Metrics
Canary Checker works well with Prometheus and exports metrics for every check, the standard metrics included are:
Metric | Type | Description |
---|---|---|
canary_check | Gauge | Set to 0 when passing and 1 when failing |
canary_check_success_count | Counter | |
canary_check_failed_count | Counter | |
canary_check_info | Info | |
canary_check_duration | Histogram | Histogram of canary durations |
Some checks like pod and http expose additional metrics.
Custom Metrics
Canary checker can export custom metrics from any check type, replacing and/or consolidating multiple standalone Prometheus Exporters into a single exporter.
In the example below, exchange rates against USD are exported by first calling an HTTP api and then using the values from the JSON response to create the metrics:
exchange-rates-exporter.yamlapiVersion: canaries.flanksource.com/v1
kind: Canary
metadata:
name: exchange-rates
spec:
schedule: "every 30 @minutes"
http:
- name: exchange-rates
url: https://api.frankfurter.app/latest?from=USD&to=GBP,EUR,ILS
metrics:
- name: exchange_rate
type: gauge
value: json.rates.GBP
labels:
- name: "from"
value: "USD"
- name: to
value: GBP
- name: exchange_rate
type: gauge
value: json.rates.EUR
labels:
- name: "from"
value: "USD"
- name: to
value: EUR
- name: exchange_rate
type: gauge
value: json.rates.ILS
labels:
- name: "from"
value: "USD"
- name: to
value: ILS
- name: exchange_rate_api
type: histogram
value: elapsed.getMilliseconds()
Which would output:
exchange_rate{from=USD, to=GBP} 0.819
exchange_rate{from=USD, to=EUR} 0.949
exchange_rate{from=USD, to=ILS} 3.849
exchange_rate_api 260.000
Fields
Field | Description | Scheme | Required |
---|---|---|---|
metrics[].name | Name of the metric | string | Yes |
metrics[].value | An expression to derive the metric value from | CEL with Check Context that returns float | Yes |
metrics[].type | Prometheus Metric Type | counter , guage , histogram | Yes |
metrics[].labels[].name | Name of the label | string | Yes |
metrics[].labels[].value | A static value for the label value | float | |
metrics[].labels[].valueExpr | An expression to derive the label value from | CEL with Check Context | |
metrics[].labels[].labels | Labels for prometheus metric (values can be templated) | map[string]string |
Expressions can make use of the following variables:
Check Context
Fields | Description | Scheme |
---|---|---|
* | All fields from the check result | See result variables section of the check |
last_result.results | The last result | |
check.name | Check name | string |
check.description | Check description | string |
check.labels | Dynamic labels attached to the check | map[string]string |
check.endpoint | Endpoint (usually a URL) | string |
check.duration | Duration in milliseconds | int64 |
canary.name | Canary name | string |
canary.namespace | Canary namespace | string |
canary.labels | Labels attached to the canary CRD (if any) | map[string]string |
Prometheus Operator
The helm chart can install a ServiceMonitor
for the prometheus operator, by enabling the serviceMonitor flag
--set serviceMonitor=true
Grafana
Default grafana dashboards are available.

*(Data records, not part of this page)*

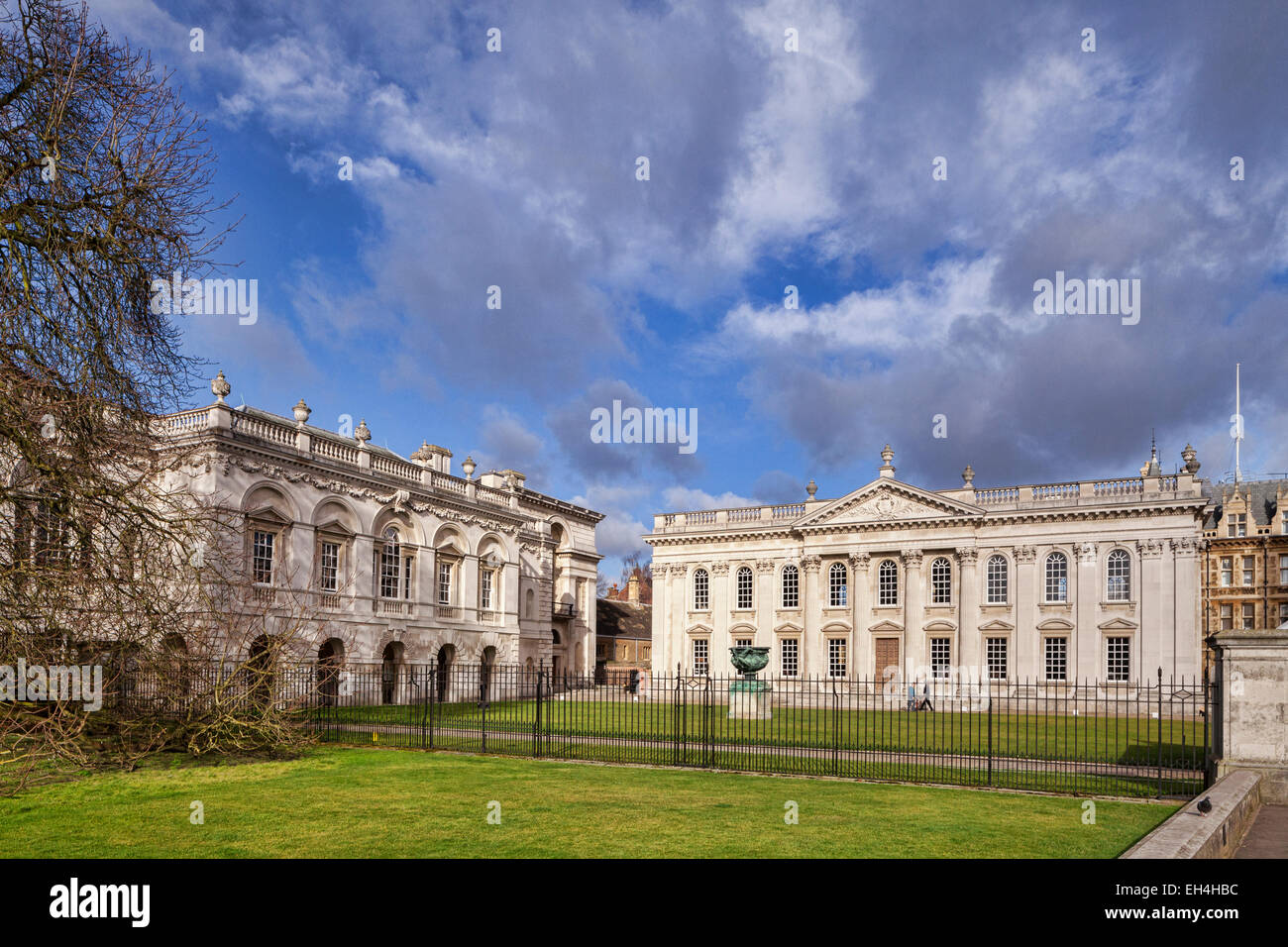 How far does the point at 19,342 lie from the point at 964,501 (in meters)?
42.6

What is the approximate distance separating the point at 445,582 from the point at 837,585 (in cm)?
2157

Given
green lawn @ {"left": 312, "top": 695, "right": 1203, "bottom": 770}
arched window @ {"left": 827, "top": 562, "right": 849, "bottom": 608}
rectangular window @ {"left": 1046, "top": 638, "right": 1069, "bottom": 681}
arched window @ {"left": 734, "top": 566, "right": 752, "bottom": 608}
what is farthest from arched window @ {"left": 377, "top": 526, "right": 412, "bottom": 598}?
rectangular window @ {"left": 1046, "top": 638, "right": 1069, "bottom": 681}

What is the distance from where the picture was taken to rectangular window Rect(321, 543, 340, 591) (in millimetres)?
33031

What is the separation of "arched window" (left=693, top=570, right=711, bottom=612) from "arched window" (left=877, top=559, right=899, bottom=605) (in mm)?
9817

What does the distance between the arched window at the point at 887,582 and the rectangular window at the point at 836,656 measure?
3153 millimetres

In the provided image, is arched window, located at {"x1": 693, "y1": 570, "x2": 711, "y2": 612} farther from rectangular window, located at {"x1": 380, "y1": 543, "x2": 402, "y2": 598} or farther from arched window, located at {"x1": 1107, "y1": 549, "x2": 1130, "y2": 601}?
rectangular window, located at {"x1": 380, "y1": 543, "x2": 402, "y2": 598}

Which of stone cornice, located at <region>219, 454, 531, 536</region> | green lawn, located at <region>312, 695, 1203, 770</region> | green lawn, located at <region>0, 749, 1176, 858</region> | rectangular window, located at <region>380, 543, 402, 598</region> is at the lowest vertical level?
green lawn, located at <region>312, 695, 1203, 770</region>

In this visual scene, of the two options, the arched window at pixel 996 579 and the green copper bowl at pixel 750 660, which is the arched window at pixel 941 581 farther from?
the green copper bowl at pixel 750 660

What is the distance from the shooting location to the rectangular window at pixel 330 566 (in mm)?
33031

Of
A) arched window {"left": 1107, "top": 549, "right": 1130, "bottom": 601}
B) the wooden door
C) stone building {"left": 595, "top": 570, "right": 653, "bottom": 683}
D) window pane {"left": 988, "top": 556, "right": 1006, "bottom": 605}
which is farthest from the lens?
stone building {"left": 595, "top": 570, "right": 653, "bottom": 683}

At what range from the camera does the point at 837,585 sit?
50.1m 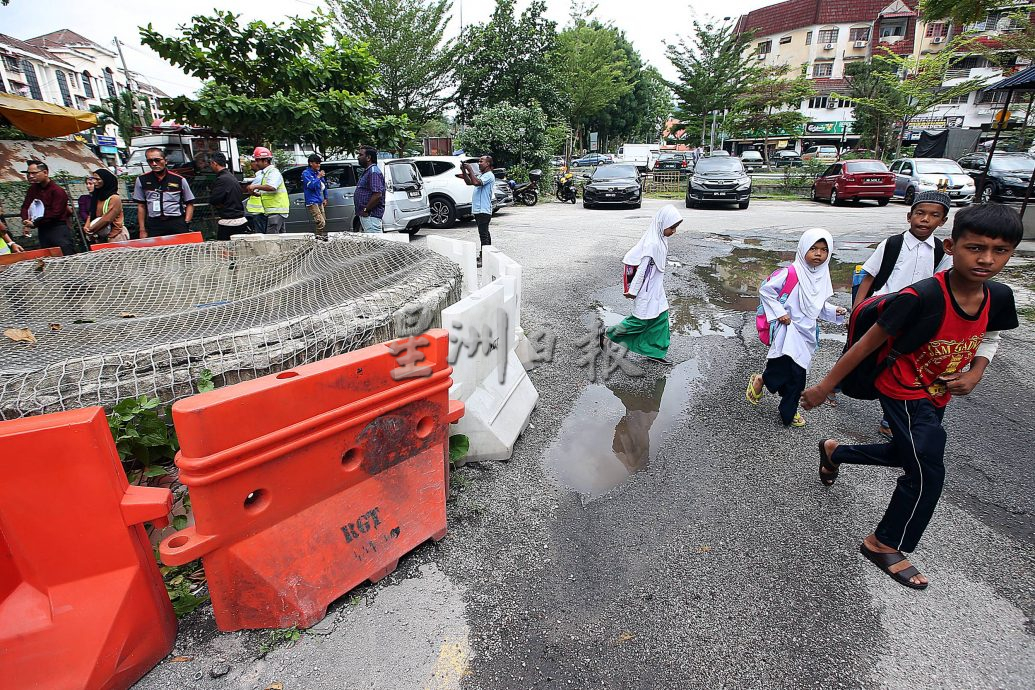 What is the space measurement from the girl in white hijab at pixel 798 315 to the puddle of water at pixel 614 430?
77 cm

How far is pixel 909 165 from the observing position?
18.8 m

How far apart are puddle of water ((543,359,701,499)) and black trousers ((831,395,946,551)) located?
136 centimetres

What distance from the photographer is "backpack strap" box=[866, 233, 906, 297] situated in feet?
12.8

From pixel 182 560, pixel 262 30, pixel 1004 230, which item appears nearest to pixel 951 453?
pixel 1004 230

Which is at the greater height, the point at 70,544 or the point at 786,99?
the point at 786,99

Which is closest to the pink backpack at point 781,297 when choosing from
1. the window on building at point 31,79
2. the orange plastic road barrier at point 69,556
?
the orange plastic road barrier at point 69,556

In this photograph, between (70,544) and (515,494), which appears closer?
(70,544)

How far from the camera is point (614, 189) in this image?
59.1 feet

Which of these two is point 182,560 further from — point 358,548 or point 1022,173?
point 1022,173

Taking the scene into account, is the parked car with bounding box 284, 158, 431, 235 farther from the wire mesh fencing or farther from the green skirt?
the green skirt

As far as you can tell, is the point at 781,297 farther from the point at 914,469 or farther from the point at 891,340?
the point at 914,469

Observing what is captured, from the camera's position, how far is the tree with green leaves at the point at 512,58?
22.5 m

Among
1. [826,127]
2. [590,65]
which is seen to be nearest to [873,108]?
[590,65]

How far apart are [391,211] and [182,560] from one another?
1071 centimetres
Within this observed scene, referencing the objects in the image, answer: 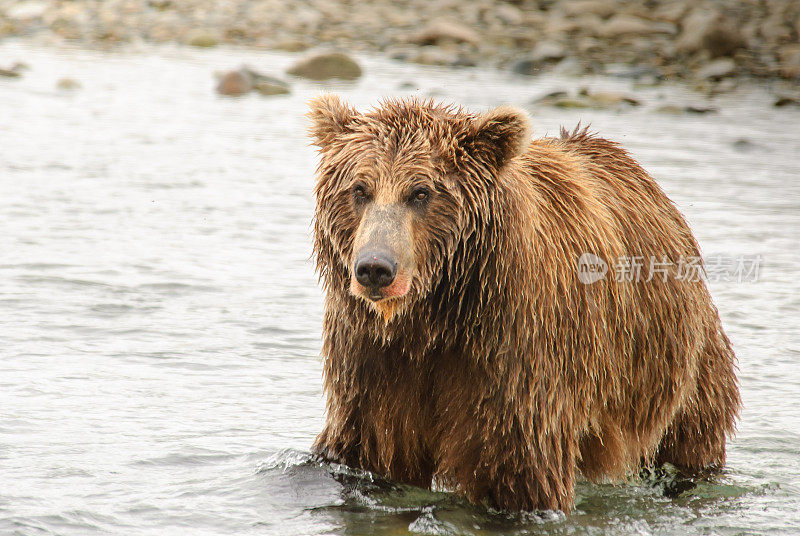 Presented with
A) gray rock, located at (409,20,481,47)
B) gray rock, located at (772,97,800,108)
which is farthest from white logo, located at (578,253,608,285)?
gray rock, located at (409,20,481,47)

After you deploy Grafana, these dashboards can be installed with
--set grafanaDashboards=true --set serviceMonitor=true
Stateful Metrics
Metrics can be generated from time based data, e.g. logs per minute, logins per second by using the output of one check execution as the input to the next.
apiVersion: canaries.flanksource.com/v1
kind: Canary
metadata:
name: "container-log-counts"
spec:
# The schedule can be as short or as long as you want, the query will always search for log
# since the last query
schedule: "@every 5m"
http:
- name: container_log_volume
url: "http://elasticsearch.canaries.svc.cluster.local:9200/logstash-*/_search"
headers:
- name: Content-Type
value: application/json
templateBody: true
test:
# if no logs are found, fail the health check
expr: json.?aggregations.logs.doc_count.orValue(0) > 0
# query for log counts by namespace, container and pod that have been created since the last check
body: >-
{
"size": 0,
"aggs": {
"logs": {
"filter": {
"range": {
"@timestamp" : {
{{- if last_result.results.max }}
"gte": "{{ last_result.results.max }}"
{{- else }}
"gte": "now-5m"
{{- end }}
}
}
},
"aggs": {
"age": {
"max": {
"field": "@timestamp"
}
},
"labels": {
"multi_terms": {
"terms": [
{ "field": "kubernetes_namespace_name.keyword"},
{ "field": "kubernetes_container_name.keyword"},
{ "field": "kubernetes_pod_name.keyword"}
],
"size": 1000
}
}
}
}
}
}
transform:
# Save the maximum age for usage in subsequent queries and create a metric for each pair
expr: |
json.orValue(null) != null ?
[{
'detail': { 'max': string(json.?aggregations.logs.age.value_as_string.orValue(last_result().?results.max.orValue(time.Now()))) },
'metrics': json.?aggregations.logs.labels.buckets.orValue([]).map(k, {
'name': "namespace_log_count",
'type': "counter",
'value': double(k.doc_count),
'labels': {
"namespace": k.key[0],
"container": k.key[1],
"pod": k.key[2]
}
})
}].toJSON()
: '{}'
This snippet retrieves the last_result.results.max
value from the last execution ensuring data is not duplicated or missed
"@timestamp" : {
{{- if last_result.results.max }}
"gte": "{{ last_result.results.max }}"
{{- else }}
"gte": "now-5m"
{{- end }}
}
The max value is saved in the transform
section using:
#...
'detail': { 'max': string(json.?aggregations.logs.age.value_as_string.orValue(last_result().?results.max.orValue(time.Now()))) },
#...